╭─ DATA FOR PROCESSING
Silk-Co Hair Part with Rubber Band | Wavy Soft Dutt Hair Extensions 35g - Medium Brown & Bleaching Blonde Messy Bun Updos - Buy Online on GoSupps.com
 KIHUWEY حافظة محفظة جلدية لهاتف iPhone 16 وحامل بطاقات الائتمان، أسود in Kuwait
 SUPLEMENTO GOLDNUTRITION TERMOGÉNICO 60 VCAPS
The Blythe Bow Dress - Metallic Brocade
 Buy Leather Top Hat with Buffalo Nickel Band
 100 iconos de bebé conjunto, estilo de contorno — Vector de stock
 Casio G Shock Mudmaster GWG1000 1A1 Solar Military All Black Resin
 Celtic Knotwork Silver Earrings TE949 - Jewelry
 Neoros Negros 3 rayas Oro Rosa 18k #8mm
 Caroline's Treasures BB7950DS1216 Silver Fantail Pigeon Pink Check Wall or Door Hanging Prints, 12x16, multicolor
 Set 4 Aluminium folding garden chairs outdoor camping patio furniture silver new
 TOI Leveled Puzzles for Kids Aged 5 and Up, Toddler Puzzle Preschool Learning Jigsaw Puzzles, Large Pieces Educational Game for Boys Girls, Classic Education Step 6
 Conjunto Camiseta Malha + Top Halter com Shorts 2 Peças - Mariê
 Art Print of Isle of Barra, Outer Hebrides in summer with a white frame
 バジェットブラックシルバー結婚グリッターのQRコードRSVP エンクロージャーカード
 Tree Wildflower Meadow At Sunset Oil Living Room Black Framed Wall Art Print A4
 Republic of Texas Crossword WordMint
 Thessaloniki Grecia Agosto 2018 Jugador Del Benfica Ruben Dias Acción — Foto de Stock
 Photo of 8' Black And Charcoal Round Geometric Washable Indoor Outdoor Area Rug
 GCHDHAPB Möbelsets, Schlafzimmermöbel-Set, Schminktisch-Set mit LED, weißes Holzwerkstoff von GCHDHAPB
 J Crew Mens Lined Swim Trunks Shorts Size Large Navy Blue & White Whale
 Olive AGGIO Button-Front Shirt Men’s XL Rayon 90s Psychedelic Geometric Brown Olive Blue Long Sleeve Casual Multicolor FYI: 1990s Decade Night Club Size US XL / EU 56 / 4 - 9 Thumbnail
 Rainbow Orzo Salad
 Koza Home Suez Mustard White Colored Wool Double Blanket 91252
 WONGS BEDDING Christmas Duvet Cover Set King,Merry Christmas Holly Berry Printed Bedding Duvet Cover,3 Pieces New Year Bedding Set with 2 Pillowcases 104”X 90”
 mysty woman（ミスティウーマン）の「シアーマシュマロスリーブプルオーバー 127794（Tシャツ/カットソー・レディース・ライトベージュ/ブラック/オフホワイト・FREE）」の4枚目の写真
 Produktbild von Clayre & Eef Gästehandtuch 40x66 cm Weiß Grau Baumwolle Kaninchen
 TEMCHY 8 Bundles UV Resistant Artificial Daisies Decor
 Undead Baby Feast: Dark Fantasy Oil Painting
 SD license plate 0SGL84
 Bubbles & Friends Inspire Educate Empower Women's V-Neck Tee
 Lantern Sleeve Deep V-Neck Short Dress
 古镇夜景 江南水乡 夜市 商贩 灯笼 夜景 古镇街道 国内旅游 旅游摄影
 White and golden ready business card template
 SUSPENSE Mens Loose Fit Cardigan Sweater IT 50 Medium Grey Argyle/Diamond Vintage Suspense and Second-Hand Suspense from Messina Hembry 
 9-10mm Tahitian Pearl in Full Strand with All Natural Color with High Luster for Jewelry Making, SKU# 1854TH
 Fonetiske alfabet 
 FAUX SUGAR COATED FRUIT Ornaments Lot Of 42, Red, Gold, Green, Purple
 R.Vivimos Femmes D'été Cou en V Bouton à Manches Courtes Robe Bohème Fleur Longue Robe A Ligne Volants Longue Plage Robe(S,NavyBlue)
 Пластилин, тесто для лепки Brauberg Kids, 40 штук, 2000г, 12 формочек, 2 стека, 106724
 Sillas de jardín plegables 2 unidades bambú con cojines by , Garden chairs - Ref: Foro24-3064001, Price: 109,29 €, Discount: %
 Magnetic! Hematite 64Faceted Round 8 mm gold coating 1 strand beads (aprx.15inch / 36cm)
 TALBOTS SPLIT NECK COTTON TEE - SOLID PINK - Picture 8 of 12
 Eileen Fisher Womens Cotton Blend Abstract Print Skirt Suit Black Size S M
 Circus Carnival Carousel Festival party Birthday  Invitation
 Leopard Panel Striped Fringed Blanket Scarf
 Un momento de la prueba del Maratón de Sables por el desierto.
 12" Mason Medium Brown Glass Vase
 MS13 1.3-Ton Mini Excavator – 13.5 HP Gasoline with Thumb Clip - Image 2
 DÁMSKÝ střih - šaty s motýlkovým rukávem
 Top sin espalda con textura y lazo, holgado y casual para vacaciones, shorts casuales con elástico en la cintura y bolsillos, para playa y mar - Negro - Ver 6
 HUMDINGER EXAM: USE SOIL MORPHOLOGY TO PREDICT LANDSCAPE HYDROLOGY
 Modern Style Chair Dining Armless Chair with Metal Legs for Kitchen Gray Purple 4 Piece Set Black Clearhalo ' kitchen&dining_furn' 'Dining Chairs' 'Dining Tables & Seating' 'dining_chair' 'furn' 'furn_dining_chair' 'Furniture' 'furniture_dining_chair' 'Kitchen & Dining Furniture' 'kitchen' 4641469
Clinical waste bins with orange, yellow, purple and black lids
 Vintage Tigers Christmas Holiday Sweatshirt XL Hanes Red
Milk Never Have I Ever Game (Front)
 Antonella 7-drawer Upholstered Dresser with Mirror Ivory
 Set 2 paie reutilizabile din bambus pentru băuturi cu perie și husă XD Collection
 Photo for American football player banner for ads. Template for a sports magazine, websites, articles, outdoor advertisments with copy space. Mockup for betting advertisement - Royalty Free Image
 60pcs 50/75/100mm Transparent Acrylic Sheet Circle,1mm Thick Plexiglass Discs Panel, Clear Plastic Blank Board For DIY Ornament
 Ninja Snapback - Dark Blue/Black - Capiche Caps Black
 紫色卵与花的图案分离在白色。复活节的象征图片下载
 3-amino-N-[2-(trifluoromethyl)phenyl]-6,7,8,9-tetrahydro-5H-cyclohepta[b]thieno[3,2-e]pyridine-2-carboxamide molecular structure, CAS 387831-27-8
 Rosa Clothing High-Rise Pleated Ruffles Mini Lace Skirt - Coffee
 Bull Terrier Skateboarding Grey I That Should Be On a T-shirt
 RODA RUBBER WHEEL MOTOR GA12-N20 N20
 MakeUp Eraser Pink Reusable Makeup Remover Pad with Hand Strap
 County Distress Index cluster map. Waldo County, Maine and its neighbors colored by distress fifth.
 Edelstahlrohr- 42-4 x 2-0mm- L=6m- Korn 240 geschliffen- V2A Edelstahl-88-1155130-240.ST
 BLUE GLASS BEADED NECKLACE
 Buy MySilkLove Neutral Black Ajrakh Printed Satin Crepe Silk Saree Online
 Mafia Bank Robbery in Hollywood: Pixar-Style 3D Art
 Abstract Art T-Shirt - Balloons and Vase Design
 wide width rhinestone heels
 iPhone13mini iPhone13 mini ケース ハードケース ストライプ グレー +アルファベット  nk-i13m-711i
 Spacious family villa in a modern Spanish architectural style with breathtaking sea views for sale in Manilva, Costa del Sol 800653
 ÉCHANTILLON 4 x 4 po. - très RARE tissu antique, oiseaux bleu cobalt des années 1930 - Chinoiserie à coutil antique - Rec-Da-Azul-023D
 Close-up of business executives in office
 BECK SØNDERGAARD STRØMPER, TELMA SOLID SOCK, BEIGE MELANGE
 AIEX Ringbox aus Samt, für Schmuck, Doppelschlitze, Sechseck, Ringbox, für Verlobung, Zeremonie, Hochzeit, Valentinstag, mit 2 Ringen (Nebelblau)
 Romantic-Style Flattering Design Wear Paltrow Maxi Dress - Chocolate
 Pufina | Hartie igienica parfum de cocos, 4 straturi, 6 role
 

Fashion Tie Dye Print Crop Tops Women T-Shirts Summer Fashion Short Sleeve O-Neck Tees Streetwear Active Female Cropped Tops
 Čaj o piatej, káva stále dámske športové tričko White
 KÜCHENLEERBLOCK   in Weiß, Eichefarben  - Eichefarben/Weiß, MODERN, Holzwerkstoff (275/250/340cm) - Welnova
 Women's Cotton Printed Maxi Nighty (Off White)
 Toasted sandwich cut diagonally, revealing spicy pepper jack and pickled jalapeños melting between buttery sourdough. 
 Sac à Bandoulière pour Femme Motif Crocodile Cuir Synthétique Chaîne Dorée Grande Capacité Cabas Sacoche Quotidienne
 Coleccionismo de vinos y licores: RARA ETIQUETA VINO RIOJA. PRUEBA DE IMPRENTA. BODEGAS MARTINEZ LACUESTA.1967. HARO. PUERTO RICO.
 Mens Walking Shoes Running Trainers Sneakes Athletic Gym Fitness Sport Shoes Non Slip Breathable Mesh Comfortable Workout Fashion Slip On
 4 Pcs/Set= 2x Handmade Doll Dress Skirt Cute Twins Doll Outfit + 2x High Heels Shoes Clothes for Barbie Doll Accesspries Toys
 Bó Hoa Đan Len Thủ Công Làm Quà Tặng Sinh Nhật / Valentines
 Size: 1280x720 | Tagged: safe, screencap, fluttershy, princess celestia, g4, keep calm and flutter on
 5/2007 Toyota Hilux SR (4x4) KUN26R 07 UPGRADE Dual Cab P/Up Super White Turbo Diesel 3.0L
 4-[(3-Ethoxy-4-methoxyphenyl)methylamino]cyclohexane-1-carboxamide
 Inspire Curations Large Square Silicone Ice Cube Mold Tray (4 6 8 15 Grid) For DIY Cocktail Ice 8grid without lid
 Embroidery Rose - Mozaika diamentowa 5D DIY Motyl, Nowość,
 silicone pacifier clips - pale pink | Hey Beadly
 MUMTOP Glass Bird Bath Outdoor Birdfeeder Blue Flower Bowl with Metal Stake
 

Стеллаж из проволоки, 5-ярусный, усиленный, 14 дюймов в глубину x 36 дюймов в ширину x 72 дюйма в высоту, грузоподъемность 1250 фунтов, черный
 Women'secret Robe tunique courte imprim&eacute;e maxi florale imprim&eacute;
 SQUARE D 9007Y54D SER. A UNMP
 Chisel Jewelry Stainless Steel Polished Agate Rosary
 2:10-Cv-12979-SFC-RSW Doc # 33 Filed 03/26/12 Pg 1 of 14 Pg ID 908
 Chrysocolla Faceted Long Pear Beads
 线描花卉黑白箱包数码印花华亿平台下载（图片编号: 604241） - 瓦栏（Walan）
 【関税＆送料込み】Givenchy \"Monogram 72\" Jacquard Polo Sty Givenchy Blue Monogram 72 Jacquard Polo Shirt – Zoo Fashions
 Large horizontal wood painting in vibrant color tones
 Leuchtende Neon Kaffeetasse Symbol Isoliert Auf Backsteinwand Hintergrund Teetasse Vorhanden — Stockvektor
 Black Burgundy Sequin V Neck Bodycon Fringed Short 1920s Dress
╰─
PROBLEM DETAILS> Going through the records above line by line, tally those with the word "Vintage" and answer with the number only.

OUTPUT FOR THIS TASK> 2